== SUPPLIED ENTRIES

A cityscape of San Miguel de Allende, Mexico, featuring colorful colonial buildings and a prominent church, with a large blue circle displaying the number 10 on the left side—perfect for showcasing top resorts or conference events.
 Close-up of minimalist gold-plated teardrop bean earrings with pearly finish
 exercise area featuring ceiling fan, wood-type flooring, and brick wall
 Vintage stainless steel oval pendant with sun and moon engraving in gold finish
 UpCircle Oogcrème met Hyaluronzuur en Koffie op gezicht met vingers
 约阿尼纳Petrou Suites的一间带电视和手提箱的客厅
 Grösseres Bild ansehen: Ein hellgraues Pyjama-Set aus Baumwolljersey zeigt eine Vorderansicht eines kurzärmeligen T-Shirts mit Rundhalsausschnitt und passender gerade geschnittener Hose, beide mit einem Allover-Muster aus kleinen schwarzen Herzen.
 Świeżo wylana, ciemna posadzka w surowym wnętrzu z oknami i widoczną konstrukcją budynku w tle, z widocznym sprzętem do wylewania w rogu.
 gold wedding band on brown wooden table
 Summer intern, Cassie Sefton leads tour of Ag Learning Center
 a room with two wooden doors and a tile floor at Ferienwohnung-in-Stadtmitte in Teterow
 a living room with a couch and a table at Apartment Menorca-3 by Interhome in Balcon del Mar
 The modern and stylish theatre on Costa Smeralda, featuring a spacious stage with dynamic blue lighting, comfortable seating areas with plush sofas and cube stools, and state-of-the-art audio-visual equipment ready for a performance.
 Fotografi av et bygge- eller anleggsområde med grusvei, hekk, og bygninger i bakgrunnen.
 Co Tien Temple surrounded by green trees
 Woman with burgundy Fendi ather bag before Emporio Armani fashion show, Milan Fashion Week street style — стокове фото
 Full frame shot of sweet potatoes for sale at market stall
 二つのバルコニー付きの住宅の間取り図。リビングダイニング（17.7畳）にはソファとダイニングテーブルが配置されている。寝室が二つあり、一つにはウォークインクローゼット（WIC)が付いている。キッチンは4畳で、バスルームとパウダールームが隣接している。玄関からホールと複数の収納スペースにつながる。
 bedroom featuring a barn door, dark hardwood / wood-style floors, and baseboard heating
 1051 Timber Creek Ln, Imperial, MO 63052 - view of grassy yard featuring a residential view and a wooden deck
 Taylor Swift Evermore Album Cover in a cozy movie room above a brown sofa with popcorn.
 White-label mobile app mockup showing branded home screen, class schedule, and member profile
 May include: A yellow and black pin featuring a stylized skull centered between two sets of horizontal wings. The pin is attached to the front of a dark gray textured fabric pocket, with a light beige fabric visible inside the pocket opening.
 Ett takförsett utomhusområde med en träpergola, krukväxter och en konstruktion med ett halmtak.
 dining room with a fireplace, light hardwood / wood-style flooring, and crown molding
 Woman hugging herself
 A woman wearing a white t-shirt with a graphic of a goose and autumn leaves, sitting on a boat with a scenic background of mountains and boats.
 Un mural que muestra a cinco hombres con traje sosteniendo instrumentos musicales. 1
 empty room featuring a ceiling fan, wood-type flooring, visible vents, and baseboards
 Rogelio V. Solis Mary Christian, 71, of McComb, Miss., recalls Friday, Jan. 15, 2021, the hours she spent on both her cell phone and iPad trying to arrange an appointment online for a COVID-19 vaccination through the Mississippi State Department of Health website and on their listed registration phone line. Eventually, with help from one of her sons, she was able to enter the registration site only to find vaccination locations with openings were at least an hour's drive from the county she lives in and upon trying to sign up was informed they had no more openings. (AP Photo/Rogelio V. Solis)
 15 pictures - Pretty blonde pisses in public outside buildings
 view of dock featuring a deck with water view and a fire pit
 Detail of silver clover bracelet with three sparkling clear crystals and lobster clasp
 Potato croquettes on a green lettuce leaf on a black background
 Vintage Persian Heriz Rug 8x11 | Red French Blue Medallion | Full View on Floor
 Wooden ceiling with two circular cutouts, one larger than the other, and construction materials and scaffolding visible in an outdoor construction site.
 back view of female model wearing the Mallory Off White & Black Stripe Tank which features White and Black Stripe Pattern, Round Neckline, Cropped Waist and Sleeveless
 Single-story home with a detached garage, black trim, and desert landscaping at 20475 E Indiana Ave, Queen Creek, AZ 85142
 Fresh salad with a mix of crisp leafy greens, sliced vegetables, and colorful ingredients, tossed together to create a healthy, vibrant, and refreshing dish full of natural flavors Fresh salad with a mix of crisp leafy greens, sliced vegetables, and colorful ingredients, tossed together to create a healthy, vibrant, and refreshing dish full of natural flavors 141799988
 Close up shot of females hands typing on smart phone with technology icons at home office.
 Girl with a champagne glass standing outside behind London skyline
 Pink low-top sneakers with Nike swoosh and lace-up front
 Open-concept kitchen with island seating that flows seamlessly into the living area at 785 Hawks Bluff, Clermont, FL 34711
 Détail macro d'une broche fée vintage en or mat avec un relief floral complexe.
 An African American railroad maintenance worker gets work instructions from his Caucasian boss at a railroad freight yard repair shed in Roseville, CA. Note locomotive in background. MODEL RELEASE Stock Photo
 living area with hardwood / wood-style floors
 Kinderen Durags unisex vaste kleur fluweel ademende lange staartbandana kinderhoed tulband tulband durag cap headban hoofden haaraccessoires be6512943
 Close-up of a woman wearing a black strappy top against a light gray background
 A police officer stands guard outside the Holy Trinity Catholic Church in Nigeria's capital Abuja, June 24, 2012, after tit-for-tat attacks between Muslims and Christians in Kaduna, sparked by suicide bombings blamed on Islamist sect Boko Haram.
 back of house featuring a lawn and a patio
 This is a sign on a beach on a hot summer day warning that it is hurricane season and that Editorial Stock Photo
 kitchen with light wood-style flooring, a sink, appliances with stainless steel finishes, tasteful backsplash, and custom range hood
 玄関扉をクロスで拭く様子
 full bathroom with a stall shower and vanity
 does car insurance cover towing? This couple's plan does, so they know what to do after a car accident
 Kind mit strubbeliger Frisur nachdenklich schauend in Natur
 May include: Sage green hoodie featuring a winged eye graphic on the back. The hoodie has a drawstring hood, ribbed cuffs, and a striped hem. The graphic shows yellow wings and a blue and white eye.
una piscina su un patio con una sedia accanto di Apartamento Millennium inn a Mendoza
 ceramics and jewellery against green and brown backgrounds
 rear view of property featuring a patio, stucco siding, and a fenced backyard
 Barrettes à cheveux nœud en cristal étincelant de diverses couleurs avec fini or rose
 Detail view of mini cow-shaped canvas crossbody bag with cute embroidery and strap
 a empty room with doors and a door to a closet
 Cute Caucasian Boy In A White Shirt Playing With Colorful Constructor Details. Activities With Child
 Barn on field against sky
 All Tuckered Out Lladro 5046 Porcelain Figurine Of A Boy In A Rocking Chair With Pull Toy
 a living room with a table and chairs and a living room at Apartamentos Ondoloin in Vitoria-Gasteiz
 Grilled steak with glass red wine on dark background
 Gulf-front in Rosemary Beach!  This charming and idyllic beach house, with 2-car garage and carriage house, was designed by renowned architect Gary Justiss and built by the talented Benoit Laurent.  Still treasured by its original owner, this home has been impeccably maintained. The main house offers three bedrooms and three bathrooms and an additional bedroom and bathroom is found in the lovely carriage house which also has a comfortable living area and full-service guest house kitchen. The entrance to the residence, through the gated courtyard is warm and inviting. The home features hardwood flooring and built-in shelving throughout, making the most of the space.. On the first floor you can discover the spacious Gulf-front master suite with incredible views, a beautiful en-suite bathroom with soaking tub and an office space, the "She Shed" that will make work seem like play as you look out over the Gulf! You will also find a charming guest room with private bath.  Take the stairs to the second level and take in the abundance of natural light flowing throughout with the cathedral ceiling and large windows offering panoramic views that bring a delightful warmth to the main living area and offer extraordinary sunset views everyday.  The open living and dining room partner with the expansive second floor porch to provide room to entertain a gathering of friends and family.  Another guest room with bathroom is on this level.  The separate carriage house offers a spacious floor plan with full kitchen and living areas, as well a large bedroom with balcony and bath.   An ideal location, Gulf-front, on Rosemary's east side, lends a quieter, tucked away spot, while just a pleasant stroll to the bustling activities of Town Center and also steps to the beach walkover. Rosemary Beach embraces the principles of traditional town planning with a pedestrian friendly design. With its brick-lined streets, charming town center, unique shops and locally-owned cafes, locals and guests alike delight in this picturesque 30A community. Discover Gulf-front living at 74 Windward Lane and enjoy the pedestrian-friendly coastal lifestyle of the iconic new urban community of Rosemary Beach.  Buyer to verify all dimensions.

====

* _WHAT THE TASK REQUIRES_:
Looking at the data above, return every line from the one with "Barrettes à cheveux" down to the one with "Grilled steak with", exactly and inclusively.

* _ANSWER BOX_:
 Barrettes à cheveux nœud en cristal étincelant de diverses couleurs avec fini or rose
 Detail view of mini cow-shaped canvas crossbody bag with cute embroidery and strap
 a empty room with doors and a door to a closet
 Cute Caucasian Boy In A White Shirt Playing With Colorful Constructor Details. Activities With Child
 Barn on field against sky
 All Tuckered Out Lladro 5046 Porcelain Figurine Of A Boy In A Rocking Chair With Pull Toy
 a living room with a table and chairs and a living room at Apartamentos Ondoloin in Vitoria-Gasteiz
 Grilled steak with glass red wine on dark background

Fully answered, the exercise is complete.